• PROBLEM DETAILS: What you return should be the complete data below, word for word, with no pictures in it.

Top of SOURCE DATA

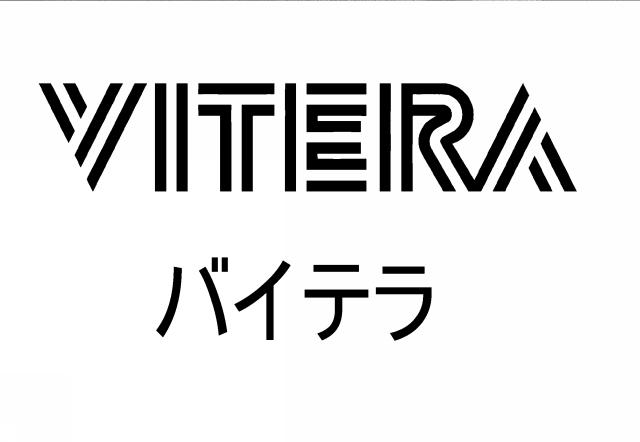 商標登録6322262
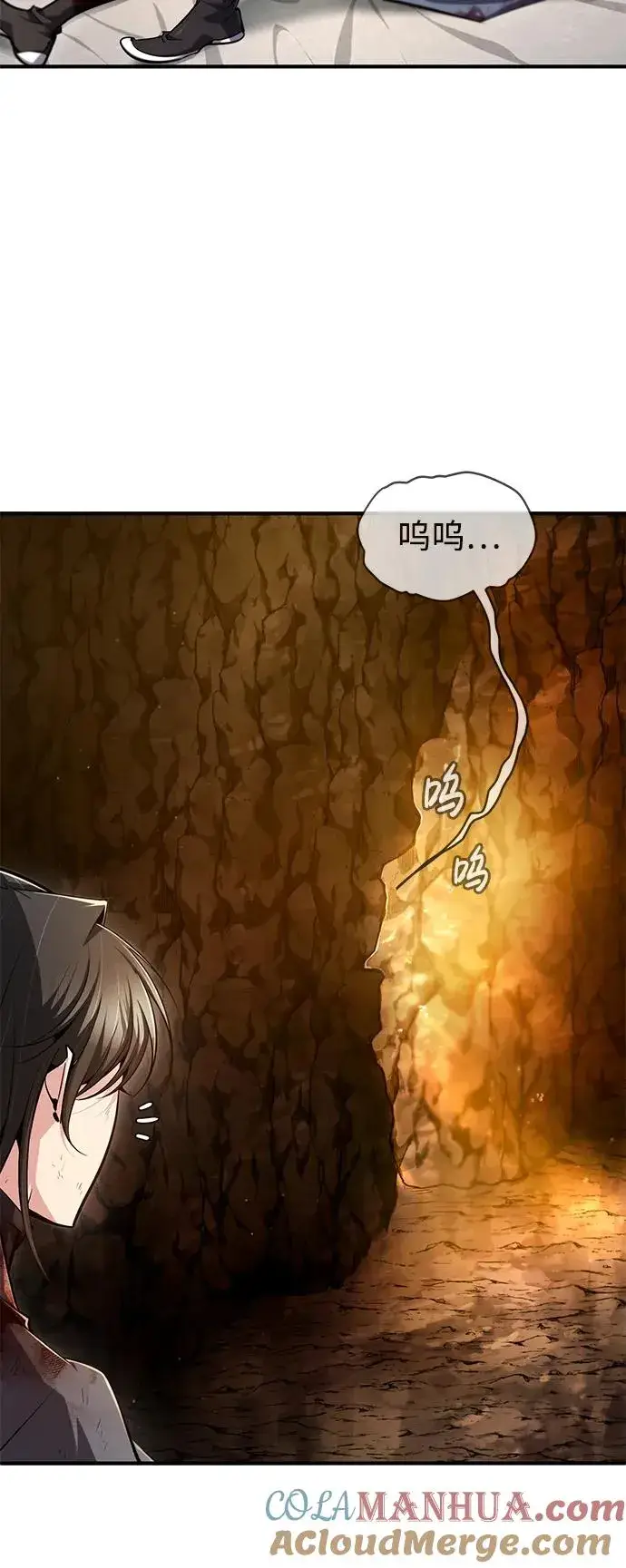 《绝世名师百师父》[第80话] 帮帮我图16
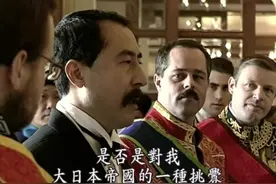 日本是一个什么样的国度 李鸿章的这个评价真是一针见血视频封面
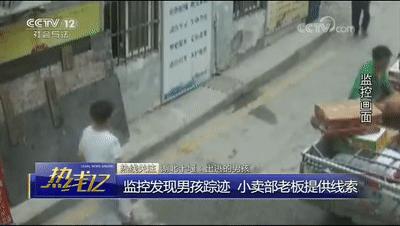 13岁男孩赌气离家出走:染发、逃票、躲避监控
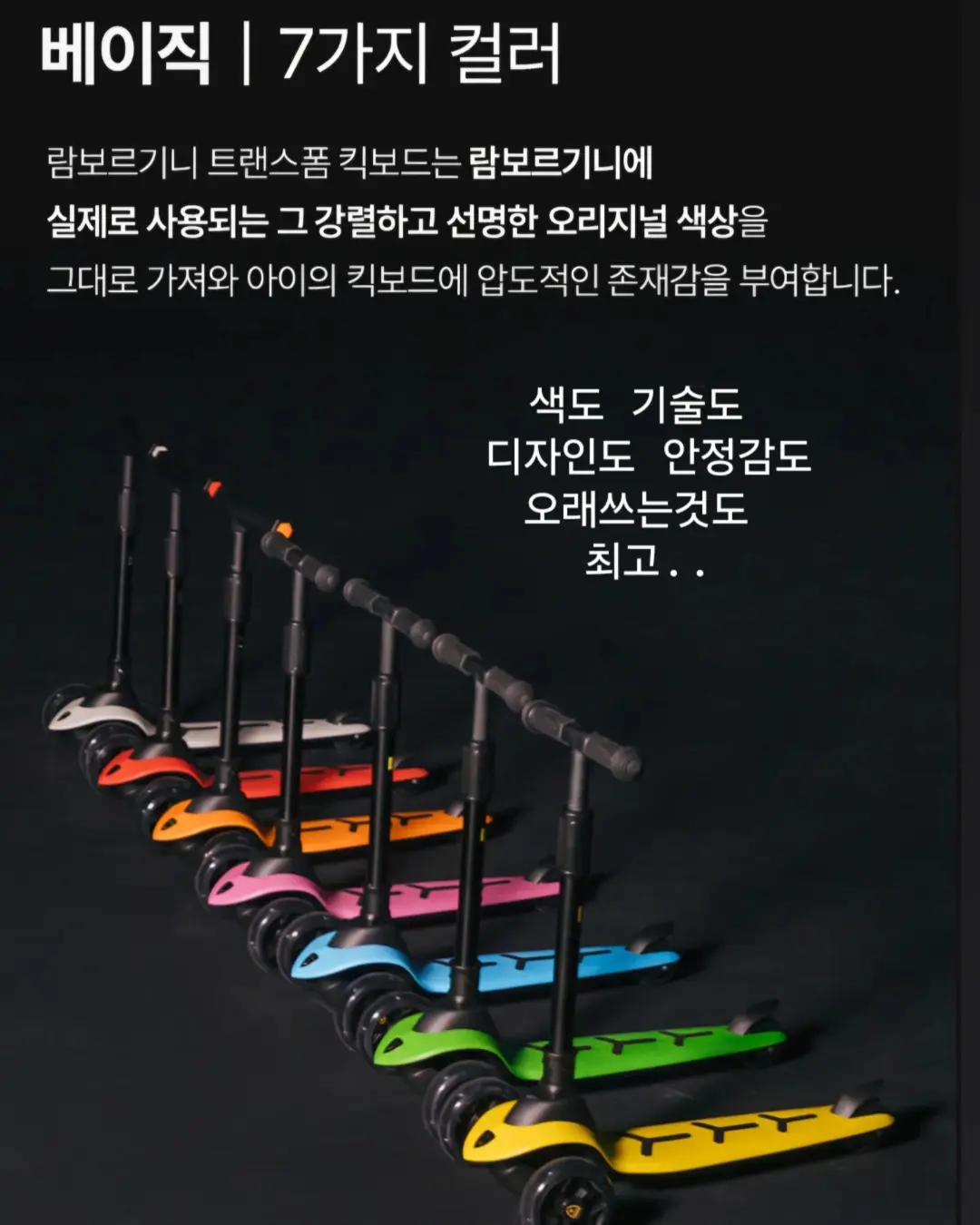 선글라스 케이스 14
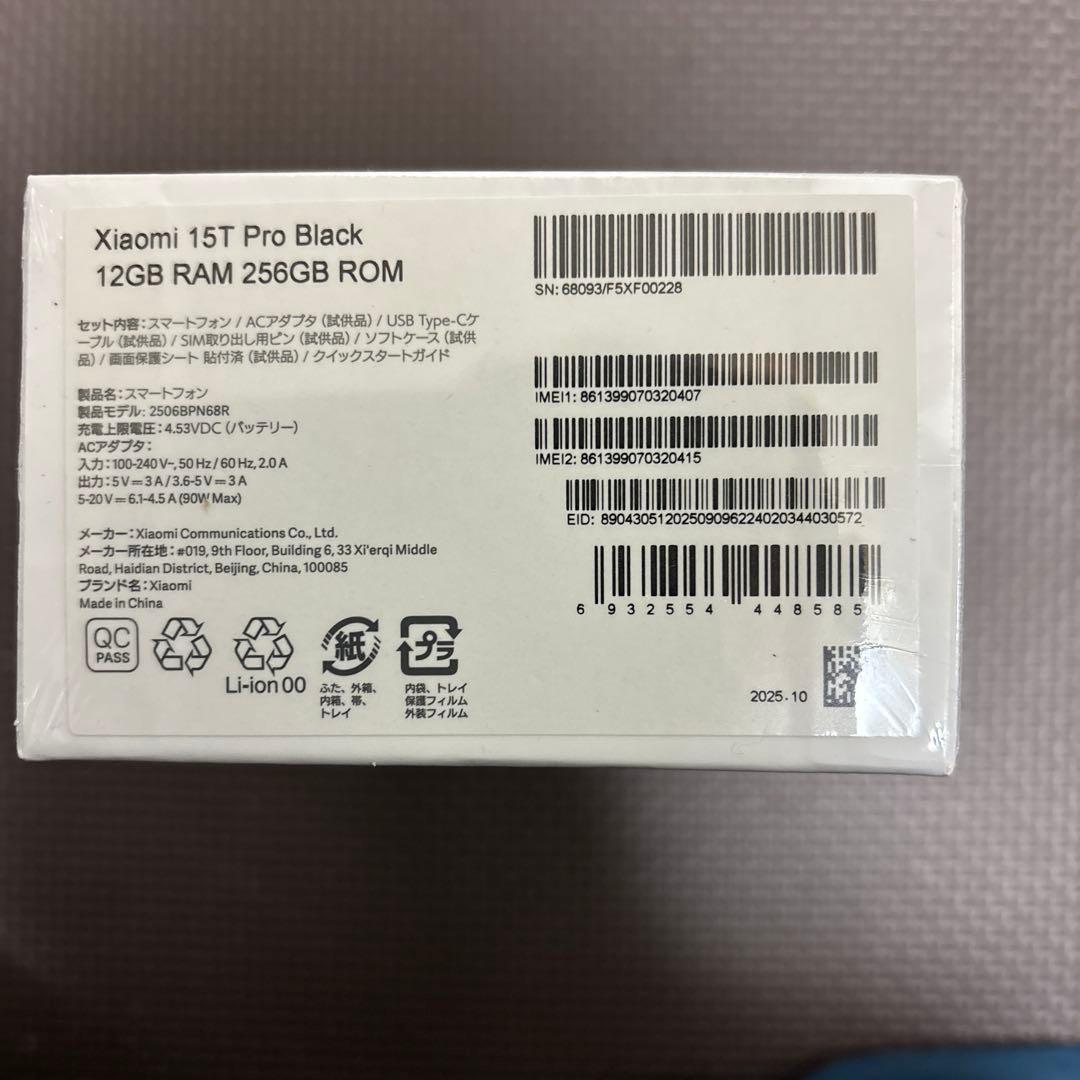 スマートフォン本体 Xiaomi 15T Pro Black 256GB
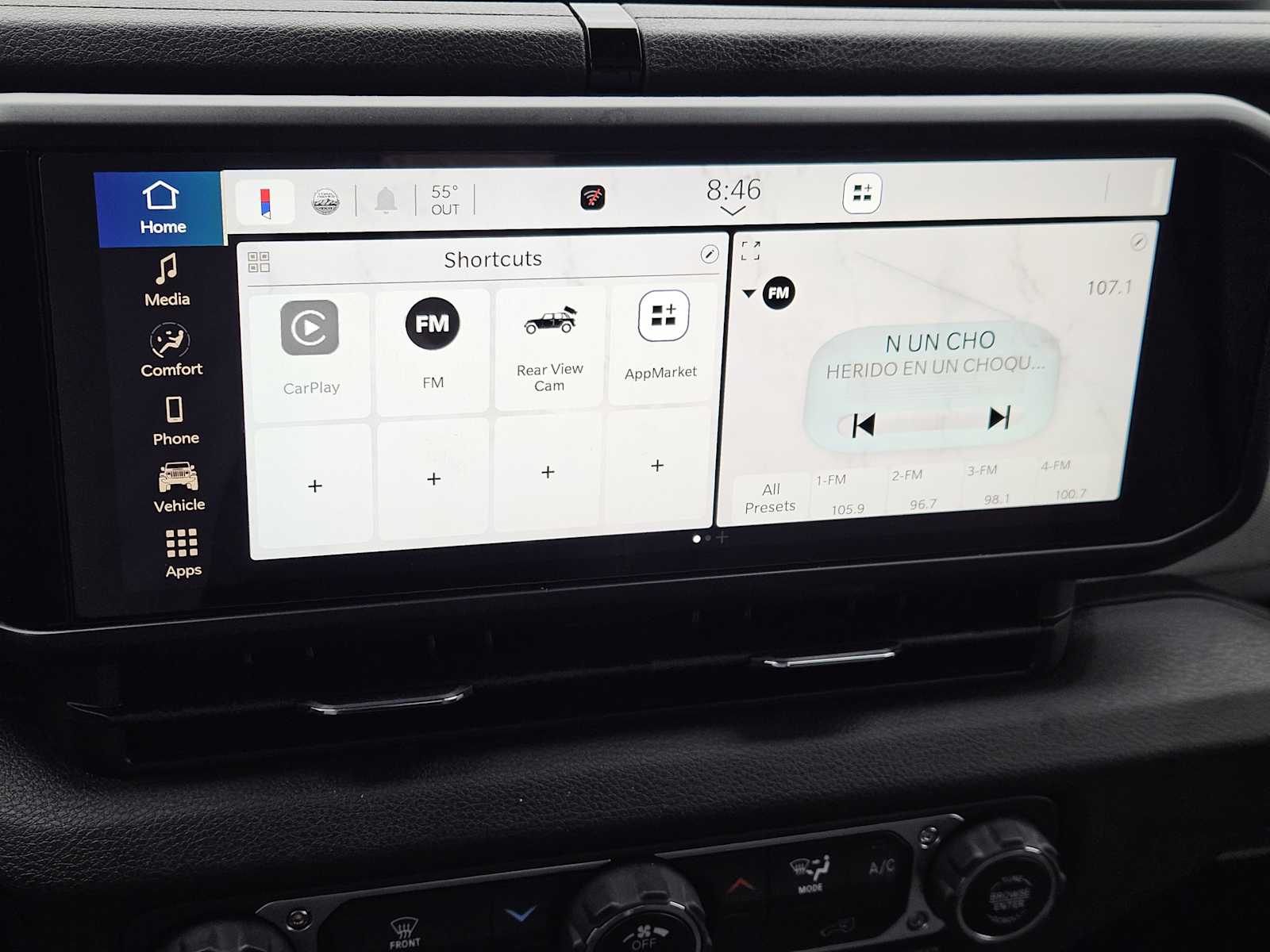 Thumbnail: 2025 Jeep Wrangler - 17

Bottom of SOURCE DATA

• SOLUTION BELOW:
 商標登録6322262
 《绝世名师百师父》[第80话] 帮帮我图16
 日本是一个什么样的国度 李鸿章的这个评价真是一针见血视频封面
 13岁男孩赌气离家出走:染发、逃票、躲避监控
 선글라스 케이스 14
 スマートフォン本体 Xiaomi 15T Pro Black 256GB
 Thumbnail: 2025 Jeep Wrangler - 17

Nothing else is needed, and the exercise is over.